[Saved entries]
[Start of section]

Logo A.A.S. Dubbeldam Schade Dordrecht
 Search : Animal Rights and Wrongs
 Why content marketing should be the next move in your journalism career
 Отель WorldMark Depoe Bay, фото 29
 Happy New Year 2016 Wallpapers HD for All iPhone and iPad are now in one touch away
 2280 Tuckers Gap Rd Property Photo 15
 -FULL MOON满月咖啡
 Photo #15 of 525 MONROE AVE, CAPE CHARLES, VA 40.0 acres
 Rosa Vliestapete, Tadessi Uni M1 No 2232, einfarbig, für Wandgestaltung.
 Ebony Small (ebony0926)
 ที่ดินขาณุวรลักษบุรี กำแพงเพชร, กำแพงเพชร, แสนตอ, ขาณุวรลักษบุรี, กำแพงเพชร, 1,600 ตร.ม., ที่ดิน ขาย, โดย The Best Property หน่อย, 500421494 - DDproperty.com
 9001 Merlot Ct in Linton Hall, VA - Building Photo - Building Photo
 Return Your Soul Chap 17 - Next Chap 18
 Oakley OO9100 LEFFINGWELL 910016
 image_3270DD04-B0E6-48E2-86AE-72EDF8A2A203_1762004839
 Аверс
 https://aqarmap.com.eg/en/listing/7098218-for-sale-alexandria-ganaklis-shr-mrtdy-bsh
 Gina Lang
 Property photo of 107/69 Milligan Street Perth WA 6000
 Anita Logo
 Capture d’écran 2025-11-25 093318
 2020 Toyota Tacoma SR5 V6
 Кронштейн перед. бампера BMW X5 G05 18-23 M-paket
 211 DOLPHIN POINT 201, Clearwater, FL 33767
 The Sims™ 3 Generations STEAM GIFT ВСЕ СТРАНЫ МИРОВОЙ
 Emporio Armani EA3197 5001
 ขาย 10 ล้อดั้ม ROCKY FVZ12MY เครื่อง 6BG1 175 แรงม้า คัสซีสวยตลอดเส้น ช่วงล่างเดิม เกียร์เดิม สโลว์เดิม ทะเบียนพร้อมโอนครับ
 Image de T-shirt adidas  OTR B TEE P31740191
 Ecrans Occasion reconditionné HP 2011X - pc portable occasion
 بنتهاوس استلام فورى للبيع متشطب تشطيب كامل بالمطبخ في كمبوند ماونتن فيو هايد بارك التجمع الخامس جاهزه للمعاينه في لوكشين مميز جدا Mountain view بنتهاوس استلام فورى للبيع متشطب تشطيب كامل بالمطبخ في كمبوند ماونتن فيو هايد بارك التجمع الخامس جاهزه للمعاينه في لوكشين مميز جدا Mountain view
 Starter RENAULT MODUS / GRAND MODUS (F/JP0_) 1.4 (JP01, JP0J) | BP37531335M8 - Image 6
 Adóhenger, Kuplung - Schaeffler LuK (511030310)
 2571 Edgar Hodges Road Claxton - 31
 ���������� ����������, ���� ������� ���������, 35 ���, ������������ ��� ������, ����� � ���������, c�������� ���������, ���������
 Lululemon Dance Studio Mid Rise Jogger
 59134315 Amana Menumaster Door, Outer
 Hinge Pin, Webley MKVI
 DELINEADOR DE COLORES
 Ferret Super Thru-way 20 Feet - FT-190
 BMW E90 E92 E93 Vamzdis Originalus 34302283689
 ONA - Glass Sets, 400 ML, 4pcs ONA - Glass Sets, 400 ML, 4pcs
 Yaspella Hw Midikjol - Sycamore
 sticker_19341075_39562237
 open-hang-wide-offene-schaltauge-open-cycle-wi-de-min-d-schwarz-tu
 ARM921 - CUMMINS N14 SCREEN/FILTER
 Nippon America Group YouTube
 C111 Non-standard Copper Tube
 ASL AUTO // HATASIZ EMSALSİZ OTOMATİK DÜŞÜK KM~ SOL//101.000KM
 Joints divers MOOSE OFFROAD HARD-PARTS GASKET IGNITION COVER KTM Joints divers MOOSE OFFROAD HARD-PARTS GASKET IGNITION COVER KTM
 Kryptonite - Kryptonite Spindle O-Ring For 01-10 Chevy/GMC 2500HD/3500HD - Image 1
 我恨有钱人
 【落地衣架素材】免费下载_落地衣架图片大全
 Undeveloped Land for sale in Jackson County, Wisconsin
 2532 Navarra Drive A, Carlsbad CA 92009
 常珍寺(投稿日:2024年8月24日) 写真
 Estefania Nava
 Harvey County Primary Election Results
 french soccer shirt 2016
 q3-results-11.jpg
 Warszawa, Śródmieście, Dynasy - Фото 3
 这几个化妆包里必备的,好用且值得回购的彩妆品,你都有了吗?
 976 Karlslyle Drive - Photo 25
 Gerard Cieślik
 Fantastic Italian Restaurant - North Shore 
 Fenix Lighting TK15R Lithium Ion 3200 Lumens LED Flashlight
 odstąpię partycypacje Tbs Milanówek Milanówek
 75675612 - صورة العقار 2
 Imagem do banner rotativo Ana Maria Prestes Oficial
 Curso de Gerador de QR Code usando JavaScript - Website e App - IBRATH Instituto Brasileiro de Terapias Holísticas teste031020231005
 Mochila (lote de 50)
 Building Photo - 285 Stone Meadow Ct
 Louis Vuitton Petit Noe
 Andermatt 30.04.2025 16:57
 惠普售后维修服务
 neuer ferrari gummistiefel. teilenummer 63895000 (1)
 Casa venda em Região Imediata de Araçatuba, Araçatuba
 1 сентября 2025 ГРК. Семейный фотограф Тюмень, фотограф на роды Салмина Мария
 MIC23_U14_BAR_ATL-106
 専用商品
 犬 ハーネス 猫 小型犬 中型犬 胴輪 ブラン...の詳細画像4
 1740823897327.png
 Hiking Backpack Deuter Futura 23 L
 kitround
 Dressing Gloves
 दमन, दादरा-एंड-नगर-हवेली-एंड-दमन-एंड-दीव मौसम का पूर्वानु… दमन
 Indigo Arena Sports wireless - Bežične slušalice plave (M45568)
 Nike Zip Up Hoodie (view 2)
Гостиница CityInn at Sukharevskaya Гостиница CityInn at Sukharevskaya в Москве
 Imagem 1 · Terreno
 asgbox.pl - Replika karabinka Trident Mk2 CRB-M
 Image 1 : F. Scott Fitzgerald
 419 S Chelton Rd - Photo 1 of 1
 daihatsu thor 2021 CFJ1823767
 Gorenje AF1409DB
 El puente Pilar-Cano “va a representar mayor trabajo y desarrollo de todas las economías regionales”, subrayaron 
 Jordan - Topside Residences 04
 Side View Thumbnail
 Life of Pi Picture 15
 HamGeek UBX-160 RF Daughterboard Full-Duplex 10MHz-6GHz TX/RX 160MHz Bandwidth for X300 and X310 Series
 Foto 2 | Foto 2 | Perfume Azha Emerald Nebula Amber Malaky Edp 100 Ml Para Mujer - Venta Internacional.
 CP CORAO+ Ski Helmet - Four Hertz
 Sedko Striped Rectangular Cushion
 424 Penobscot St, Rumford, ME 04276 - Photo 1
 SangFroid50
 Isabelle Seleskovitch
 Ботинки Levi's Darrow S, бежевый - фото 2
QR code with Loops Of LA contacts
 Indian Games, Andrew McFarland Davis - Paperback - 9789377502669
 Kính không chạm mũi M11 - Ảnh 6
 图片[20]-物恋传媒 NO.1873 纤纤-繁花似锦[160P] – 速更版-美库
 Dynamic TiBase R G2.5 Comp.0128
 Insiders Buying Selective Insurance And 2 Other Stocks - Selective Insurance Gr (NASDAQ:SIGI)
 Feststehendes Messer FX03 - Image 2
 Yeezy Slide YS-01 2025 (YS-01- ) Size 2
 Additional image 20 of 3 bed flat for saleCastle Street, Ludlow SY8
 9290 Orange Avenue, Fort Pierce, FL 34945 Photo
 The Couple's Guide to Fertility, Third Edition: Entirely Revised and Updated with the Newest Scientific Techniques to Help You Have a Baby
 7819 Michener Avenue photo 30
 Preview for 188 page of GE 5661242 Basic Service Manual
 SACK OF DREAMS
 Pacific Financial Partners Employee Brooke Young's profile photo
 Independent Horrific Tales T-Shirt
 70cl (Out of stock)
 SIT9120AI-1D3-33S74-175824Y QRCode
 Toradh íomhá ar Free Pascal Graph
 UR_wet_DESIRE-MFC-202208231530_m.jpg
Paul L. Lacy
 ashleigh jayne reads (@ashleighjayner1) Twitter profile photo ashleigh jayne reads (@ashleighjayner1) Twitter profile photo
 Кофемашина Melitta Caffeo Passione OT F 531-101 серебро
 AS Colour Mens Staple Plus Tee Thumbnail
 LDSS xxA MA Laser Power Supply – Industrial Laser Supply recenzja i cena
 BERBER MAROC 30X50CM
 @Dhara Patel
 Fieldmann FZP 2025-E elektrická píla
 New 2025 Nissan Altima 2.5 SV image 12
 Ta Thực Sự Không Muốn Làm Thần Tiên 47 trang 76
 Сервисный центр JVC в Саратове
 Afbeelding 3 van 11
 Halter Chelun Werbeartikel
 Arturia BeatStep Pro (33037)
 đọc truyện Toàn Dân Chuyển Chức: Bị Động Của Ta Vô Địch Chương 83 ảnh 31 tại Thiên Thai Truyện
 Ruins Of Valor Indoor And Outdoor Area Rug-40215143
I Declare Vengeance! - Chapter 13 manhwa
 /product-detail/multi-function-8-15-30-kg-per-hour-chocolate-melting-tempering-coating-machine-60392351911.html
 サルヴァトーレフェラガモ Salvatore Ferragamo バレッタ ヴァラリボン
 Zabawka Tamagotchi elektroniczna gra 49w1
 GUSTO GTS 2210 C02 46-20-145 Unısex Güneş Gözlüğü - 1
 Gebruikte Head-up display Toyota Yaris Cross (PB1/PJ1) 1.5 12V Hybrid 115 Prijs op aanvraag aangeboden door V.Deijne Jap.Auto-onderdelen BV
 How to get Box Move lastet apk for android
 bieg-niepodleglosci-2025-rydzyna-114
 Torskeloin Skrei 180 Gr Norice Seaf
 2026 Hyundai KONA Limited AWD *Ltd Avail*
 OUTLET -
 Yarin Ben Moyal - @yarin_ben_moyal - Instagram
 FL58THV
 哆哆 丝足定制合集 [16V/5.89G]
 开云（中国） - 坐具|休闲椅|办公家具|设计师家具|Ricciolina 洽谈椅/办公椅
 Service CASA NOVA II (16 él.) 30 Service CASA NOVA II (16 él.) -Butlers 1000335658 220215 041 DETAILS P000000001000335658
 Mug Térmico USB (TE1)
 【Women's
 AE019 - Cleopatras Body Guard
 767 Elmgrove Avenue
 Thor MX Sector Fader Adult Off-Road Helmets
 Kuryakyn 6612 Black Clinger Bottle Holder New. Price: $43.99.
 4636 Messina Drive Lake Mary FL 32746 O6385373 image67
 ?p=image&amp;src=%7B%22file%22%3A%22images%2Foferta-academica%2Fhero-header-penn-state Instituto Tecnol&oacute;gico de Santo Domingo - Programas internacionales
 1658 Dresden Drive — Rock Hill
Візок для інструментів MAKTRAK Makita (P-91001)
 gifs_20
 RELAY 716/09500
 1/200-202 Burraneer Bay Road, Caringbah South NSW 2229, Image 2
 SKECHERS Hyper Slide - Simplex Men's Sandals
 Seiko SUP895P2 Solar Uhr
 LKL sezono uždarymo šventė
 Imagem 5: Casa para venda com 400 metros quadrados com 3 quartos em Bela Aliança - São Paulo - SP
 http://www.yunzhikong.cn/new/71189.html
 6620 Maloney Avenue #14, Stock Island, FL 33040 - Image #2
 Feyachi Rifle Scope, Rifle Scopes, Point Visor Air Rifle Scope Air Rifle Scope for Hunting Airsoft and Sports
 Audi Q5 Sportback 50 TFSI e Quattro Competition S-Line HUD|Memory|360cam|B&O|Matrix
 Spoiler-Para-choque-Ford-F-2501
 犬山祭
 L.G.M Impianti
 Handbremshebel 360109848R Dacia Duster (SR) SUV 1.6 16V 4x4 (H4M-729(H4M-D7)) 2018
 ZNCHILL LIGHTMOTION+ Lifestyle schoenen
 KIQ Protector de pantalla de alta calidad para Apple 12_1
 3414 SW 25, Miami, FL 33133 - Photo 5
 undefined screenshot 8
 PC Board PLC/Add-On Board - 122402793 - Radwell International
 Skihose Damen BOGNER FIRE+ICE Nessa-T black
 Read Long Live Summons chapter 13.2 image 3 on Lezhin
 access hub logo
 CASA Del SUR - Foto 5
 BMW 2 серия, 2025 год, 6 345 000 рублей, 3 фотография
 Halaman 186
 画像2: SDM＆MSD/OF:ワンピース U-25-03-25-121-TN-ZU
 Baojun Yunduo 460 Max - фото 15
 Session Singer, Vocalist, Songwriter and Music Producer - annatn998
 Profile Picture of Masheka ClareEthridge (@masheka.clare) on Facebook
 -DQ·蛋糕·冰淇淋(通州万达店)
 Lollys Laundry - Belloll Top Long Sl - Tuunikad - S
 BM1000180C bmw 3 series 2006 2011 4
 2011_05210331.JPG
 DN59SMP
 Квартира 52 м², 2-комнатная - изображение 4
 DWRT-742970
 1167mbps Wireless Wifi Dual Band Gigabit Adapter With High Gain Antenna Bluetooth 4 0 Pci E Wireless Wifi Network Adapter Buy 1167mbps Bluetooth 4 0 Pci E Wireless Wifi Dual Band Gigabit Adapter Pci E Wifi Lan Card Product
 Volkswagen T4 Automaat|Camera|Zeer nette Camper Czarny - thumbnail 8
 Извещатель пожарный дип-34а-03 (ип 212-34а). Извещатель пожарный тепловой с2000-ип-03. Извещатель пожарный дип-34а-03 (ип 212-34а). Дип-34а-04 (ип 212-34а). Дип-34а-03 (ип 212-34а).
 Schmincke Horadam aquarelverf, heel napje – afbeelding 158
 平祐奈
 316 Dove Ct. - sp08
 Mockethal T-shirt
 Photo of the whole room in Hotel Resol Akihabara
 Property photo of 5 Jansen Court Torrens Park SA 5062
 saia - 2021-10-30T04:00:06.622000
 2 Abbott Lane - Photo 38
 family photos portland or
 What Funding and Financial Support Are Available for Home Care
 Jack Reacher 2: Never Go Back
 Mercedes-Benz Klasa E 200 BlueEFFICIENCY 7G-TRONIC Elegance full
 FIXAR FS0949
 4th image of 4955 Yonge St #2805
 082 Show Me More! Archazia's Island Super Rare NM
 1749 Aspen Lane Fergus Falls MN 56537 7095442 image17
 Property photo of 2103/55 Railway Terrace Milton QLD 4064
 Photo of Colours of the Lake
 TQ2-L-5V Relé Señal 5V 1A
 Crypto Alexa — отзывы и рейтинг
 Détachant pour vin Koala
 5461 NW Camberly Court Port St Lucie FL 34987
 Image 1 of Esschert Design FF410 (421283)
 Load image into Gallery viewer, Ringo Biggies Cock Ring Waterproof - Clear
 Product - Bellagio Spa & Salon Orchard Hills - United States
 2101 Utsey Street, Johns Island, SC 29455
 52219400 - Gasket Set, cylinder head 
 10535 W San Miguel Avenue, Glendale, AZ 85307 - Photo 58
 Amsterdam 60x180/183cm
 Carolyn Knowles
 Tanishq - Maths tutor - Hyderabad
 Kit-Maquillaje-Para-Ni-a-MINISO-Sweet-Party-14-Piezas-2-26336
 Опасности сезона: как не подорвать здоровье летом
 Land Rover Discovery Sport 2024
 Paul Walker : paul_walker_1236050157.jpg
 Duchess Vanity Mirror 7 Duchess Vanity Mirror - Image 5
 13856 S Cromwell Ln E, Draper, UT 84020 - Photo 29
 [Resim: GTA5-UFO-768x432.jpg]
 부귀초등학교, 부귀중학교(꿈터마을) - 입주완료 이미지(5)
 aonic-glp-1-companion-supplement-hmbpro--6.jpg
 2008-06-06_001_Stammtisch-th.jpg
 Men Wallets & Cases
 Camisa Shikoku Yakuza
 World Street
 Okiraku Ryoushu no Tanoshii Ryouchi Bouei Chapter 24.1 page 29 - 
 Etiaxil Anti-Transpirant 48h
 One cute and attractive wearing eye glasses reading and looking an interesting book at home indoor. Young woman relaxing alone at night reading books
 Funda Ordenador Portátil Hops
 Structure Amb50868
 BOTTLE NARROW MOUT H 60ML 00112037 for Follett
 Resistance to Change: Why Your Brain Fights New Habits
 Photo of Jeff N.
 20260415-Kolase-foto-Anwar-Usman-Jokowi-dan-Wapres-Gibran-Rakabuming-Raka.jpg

[End of section]

YOUR GOAL
Reproduce verbatim the lines above, from the line with "KIQ Protector de" through the line with "Volkswagen T4 Automaat|Camera|Zeer".

THE ANSWER
 KIQ Protector de pantalla de alta calidad para Apple 12_1
 3414 SW 25, Miami, FL 33133 - Photo 5
 undefined screenshot 8
 PC Board PLC/Add-On Board - 122402793 - Radwell International
 Skihose Damen BOGNER FIRE+ICE Nessa-T black
 Read Long Live Summons chapter 13.2 image 3 on Lezhin
 access hub logo
 CASA Del SUR - Foto 5
 BMW 2 серия, 2025 год, 6 345 000 рублей, 3 фотография
 Halaman 186
 画像2: SDM＆MSD/OF:ワンピース U-25-03-25-121-TN-ZU
 Baojun Yunduo 460 Max - фото 15
 Session Singer, Vocalist, Songwriter and Music Producer - annatn998
 Profile Picture of Masheka ClareEthridge (@masheka.clare) on Facebook
 -DQ·蛋糕·冰淇淋(通州万达店)
 Lollys Laundry - Belloll Top Long Sl - Tuunikad - S
 BM1000180C bmw 3 series 2006 2011 4
 2011_05210331.JPG
 DN59SMP
 Квартира 52 м², 2-комнатная - изображение 4
 DWRT-742970
 1167mbps Wireless Wifi Dual Band Gigabit Adapter With High Gain Antenna Bluetooth 4 0 Pci E Wireless Wifi Network Adapter Buy 1167mbps Bluetooth 4 0 Pci E Wireless Wifi Dual Band Gigabit Adapter Pci E Wifi Lan Card Product
 Volkswagen T4 Automaat|Camera|Zeer nette Camper Czarny - thumbnail 8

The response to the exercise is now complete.